■ Die Renten können nur an den Reallohn gekoppelt werden
: Der Generationenkrieg droht

Was ist so falsch, wenn nach Kassandra Oskar Lafontaine jetzt auch Norbert Blüm auf die Möglichkeit realer Einbußen der Rentner hinweist? Hatten sich nicht CDU, CSU, SPD und FDP 1992 gemeinsam darauf verständigt, die Rentenentwicklung an die Nettolohnentwicklung anzupassen, und war das nicht als ein großer Erfolg gemeinsamer Verantwortung gefeiert worden? Sicher, das Gesetz ließ sich damals noch als Wohltat verkaufen, damals gab es noch Rentenerhöhungen entsprechend den Lohnzuwächsen. Doch was wie visionäre Generationenpolitik angedacht war, entpuppt sich als billige Beruhigungsstrategie. Ein Vertrag gilt in guten wie in schlechten Zeiten, das hätte das verantwortliche Konzept dieser gemeinsamen Entscheidung sein sollen. Gerade weil das Gesetz die Renten an die Nettolohnentwicklung derer, die sie erwirtschaften müssen, ankoppelt.

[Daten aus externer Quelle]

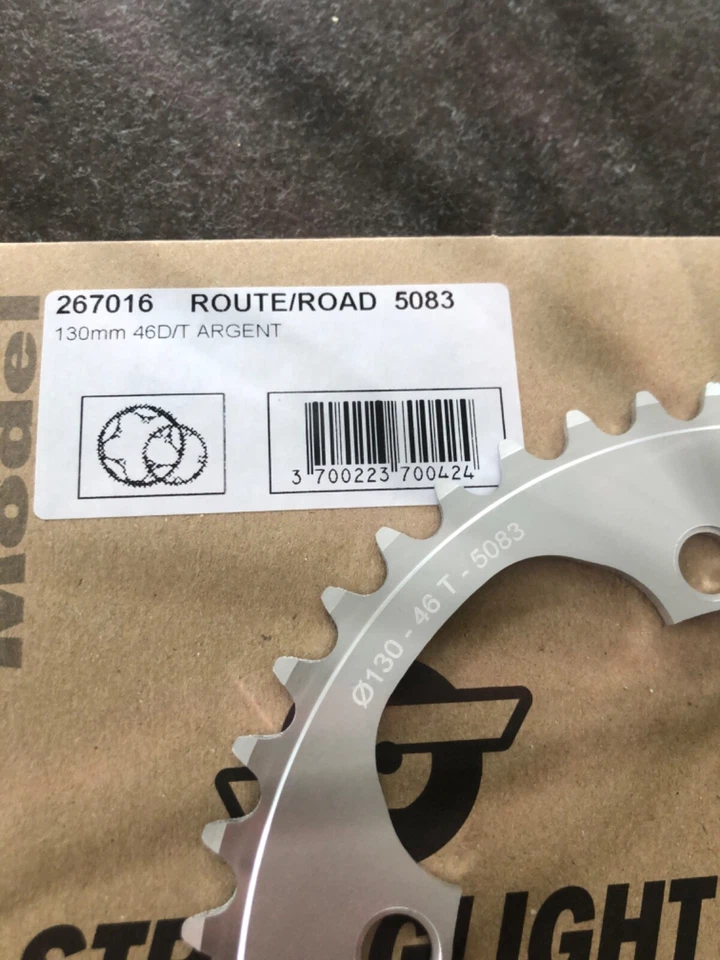 Plato Stronglight 9/10 velocidades | Bicicleta de carretera 130 mm BCD | Aleación plateada 46 dientes Foto 2 de 3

Gehört dieser Kniefall vor der Wählermasse der Senioren wirklich zur Wahlkampflogik? Dann gute Nacht, Deutschland! Dann wird uns bald die Demographie die Schlinge um den Hals der Demokratie legen. Als wüßten gerade die Alten nicht aus leibhaftiger Erfahrung, daß man nichts holen kann, wo nichts ist! Wer jetzt nicht die richtigen sozialpolitischen Weichen stellt, hat bald nichts mehr zu sagen. Gegen das Diktat der Mehrheit der passiven Konsumenten von Sozialleistungen wird dieses Land auf Dauer keine konkurrenzfähige Zukunft haben. Verständnis und Solidarität einfordern heißt die Devise, unzumutbare Härten ausgleichen, Chancen neu verteilen. Das wären die Parolen einer realistischen Sparpolitik.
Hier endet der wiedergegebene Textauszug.